───── INFORMATION GIVEN
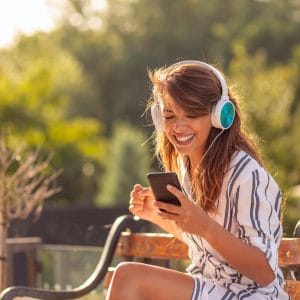 Woman wearing headset listening to the music outdoors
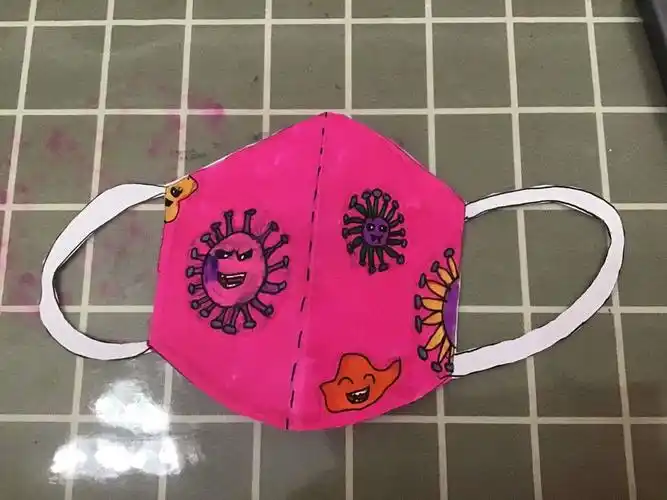 江小二年级手工《我为自己设计花口罩》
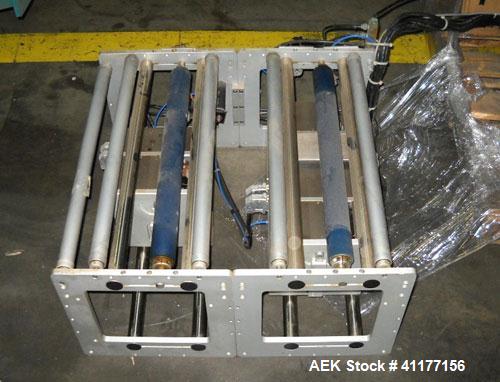 Used Markem High Speed Thermal Ribbon Continuous Left Hand Feed Motion Coder, Model SmartDate 2. Prints at speeds up to 39 inches per second (typically 400 packages per minute). The SmartDate coder c...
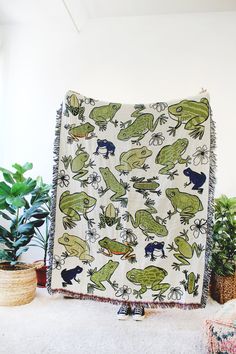 a blanket with green and blue frogs on it next to potted plants in a room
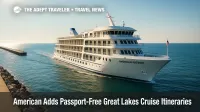American Patriot small ship cruises past a Midwest breakwater under clear skies, illustrating a passport-free Great Lakes cruise in summer.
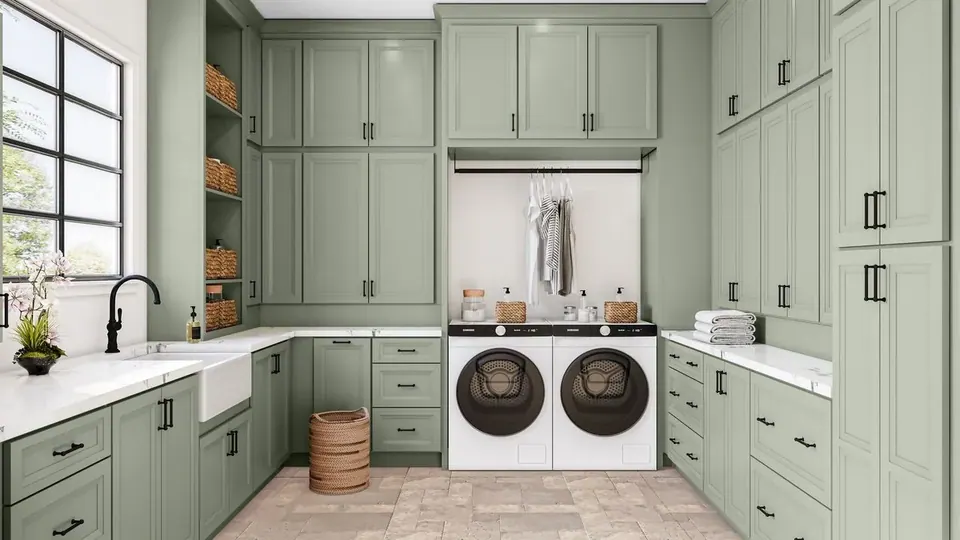 Rendering: sage green cabinets floor to ceiling around a washer and dryer, farmhouse sink and white counters.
──────────
#### [WHAT YOU NEED TO DO]
Copy out each line of the data exactly as it reads; skip the pictures.

#### [SOLUTION TO THIS PROBLEM]
 Woman wearing headset listening to the music outdoors
 江小二年级手工《我为自己设计花口罩》
 Used Markem High Speed Thermal Ribbon Continuous Left Hand Feed Motion Coder, Model SmartDate 2. Prints at speeds up to 39 inches per second (typically 400 packages per minute). The SmartDate coder c...
 a blanket with green and blue frogs on it next to potted plants in a room
American Patriot small ship cruises past a Midwest breakwater under clear skies, illustrating a passport-free Great Lakes cruise in summer.
 Rendering: sage green cabinets floor to ceiling around a washer and dryer, farmhouse sink and white counters.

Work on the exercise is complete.